On July 14, Indonesia’s Ministry of Maritime Affairs and Fisheries held a conspicuously high-profile news conference to release its first national territorial map since 2005, including the unveiling of the newly named North Natuna Sea. The new map also included new maritime boundaries with Singapore and the Philippines, with which Indonesia had concluded agreements in 2015.
Arif Havas Oegroseno, a deputy minister at Indonesia’s Coordinating Ministry of Maritime Affairs, told journalists that the new Indonesian map offered “clarity on natural resources exploration areas.”
That same day, Indonesia’s Armed Forces and Ministry of Energy and Mineral Resources signed a memorandum for warships to provide security for the highly profitable fishing grounds and offshore oil and gas production and exploration activities within the country’s exclusive economic zone near the Natunas.
General Gatot Nurmantyo, commander of the Indonesian armed forces, said at the time that offshore energy exploration and production activities “have often been disturbed by foreign-flagged vessels” — which some analysts took as a reference to China.
Although several countries take issue with China’s territorial claims in the South China Sea, few do so publicly, and the Trump administration has recently sent mixed signals about how willing it is to challenge China on its claims. That has made the Indonesian pushback more intriguing.
Frega Ferdinand Wenas Inkiriwang, a lecturer at the Indonesian Defense University, said Indonesia’s public naming of the North Natuna Sea “means that Indonesia indirectly becomes a claimant state in the area, perhaps due to territorial integrity issues.
“It’s in the vicinity of the Natunas,” he said, “and the Natunas contain natural resources which are inherited and will be beneficial for Indonesia’s development.”
Analysts say that the Indonesian navy would be no match for the Chinese navy in a fight, although the first of last year’s clashes involved only a Chinese coast guard ship and an Indonesian maritime ministry patrol boat. It is unlikely that the two countries’ navies would clash within Indonesia’s exclusive economic zone, according to analysts.
Members of the 10-state Association of Southeast Asian Nations, or ASEAN, have repeatedly expressed concern about China’s aggressive posture in the South China Sea, including its naval standoffs and land reclamation projects in disputed areas, and the stationing of military personnel and surface-to-air missiles in the Paracel Islands — which are controlled by China but are also claimed by Taiwan and Vietnam.
Indonesia, the grouping’s largest member and de facto leader, had in the past remained on the sidelines of the various South China Sea disputes and offered to help mediate between ASEAN claimant states and Beijing.
Given that China is among Indonesia’s biggest investors and trade partners, some analysts say Jakarta will go only so far in challenging China’s territorial claims, at least publicly. But its more aggressive military posture and other moves regarding the Natunas are nonetheless sending signals to China.

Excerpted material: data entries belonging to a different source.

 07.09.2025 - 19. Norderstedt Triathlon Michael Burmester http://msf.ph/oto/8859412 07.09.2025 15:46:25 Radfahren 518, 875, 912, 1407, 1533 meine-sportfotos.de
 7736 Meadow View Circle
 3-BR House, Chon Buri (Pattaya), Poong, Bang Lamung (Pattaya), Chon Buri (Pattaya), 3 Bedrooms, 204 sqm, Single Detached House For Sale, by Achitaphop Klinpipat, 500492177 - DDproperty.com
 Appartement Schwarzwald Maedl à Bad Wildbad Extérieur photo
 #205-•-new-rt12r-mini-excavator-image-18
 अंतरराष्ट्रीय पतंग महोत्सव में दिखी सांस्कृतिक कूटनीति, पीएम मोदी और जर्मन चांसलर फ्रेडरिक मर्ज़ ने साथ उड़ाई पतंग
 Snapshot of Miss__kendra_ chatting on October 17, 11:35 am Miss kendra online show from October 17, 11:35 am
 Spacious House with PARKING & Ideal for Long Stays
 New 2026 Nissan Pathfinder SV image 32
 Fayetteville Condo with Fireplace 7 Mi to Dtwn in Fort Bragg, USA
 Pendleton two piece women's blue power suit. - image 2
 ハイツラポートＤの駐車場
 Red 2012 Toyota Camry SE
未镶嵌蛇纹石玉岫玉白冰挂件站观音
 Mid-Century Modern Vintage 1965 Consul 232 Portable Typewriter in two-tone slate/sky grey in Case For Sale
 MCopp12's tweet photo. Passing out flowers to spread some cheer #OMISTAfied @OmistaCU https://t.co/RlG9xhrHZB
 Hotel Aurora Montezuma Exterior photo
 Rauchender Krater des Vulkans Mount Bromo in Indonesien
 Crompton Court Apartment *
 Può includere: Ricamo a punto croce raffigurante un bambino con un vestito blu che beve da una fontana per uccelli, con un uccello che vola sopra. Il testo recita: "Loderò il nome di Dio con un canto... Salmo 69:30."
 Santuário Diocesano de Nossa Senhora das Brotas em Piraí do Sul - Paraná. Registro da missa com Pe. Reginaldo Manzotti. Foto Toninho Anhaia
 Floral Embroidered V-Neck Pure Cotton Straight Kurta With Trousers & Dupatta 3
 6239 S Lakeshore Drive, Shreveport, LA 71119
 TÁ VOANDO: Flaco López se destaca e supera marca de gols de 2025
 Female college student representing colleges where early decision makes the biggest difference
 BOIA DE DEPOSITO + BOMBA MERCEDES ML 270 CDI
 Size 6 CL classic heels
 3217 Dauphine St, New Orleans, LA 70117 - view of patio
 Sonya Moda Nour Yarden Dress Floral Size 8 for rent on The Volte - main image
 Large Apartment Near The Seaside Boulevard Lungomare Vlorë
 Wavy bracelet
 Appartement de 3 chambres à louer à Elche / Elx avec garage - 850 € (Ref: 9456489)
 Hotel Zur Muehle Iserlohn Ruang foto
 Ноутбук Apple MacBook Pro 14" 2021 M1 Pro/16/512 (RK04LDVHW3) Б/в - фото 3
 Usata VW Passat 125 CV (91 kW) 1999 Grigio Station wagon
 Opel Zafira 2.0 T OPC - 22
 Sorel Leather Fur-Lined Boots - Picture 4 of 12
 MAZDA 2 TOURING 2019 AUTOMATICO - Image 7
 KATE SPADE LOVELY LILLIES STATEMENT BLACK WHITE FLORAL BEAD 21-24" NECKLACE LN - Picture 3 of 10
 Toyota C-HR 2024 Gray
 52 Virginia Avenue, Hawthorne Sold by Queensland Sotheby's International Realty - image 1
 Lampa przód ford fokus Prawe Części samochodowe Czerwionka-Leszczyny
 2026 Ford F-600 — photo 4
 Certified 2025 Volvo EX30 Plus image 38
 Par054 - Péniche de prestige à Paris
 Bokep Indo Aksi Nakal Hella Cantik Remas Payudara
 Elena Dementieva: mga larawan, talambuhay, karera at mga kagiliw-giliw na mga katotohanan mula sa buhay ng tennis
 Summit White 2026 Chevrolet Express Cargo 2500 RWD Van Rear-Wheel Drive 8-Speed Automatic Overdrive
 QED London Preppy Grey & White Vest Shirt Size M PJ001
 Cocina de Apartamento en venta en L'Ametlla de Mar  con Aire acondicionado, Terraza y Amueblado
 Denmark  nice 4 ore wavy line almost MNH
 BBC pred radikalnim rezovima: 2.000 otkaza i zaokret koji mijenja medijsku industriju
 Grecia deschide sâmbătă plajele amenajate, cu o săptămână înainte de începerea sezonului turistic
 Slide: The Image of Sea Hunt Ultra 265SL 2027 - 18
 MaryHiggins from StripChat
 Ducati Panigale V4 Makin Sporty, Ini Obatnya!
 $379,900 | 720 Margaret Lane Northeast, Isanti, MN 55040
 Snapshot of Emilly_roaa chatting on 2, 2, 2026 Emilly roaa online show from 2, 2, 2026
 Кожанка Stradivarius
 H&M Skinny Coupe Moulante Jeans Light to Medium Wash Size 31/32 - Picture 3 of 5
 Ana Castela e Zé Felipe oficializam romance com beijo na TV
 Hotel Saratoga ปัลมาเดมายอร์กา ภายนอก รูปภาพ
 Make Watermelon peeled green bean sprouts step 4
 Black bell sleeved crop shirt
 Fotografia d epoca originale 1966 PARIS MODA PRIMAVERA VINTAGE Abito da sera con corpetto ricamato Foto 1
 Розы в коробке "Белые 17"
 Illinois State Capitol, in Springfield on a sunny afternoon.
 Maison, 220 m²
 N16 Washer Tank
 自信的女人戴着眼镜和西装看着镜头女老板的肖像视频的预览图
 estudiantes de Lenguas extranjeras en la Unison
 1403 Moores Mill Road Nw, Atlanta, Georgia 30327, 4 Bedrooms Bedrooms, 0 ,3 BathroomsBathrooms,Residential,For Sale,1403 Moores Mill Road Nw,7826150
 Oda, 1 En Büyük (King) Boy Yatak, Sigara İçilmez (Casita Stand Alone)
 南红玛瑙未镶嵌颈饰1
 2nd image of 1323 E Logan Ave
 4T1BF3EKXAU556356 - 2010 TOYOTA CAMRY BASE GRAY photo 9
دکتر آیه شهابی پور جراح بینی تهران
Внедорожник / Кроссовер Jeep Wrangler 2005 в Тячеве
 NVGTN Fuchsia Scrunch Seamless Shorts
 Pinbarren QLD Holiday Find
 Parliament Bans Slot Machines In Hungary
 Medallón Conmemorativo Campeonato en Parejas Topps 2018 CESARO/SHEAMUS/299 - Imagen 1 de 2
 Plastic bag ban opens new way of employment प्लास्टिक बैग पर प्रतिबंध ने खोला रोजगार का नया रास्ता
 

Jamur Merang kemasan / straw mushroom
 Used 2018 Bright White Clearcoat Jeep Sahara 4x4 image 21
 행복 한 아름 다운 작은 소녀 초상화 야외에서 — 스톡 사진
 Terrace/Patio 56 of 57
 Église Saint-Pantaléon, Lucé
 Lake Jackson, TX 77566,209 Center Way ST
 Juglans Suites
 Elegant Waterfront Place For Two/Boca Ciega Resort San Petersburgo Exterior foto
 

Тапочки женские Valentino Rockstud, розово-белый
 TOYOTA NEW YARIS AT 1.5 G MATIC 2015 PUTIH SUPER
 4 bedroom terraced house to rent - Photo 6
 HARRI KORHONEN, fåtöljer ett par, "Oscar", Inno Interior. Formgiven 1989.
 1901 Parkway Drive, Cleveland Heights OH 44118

“It doesn’t make Indonesia a claimant state,” said Aaron Connelly, a research fellow at the Lowy Institute for International Policy in Sydney, Australia, who follows the South China Sea disputes. “They’ve never accepted the legitimacy of the nine-dash line, which is why they say there’s no overlap” with its exclusive economic zone.
“China says it has ‘traditional fishing rights,’ but Indonesia is doing things in a legalistic way right now,” Connelly said. “This is a more effective way of challenging it.”
Evan Laksmana, a senior researcher on security affairs at the Center for Strategic and International Studies in Jakarta, agreed that the naming of the North Natuna Sea was not specifically done to trigger a dispute with China.
“But the international legal basis underpinning Indonesia’s new map is clear,” he said.
“We do not recognize China’s claims in the Natuna waters — we don’t feel like we should negotiate our map with Beijing or ask their consent,” Laksmana said.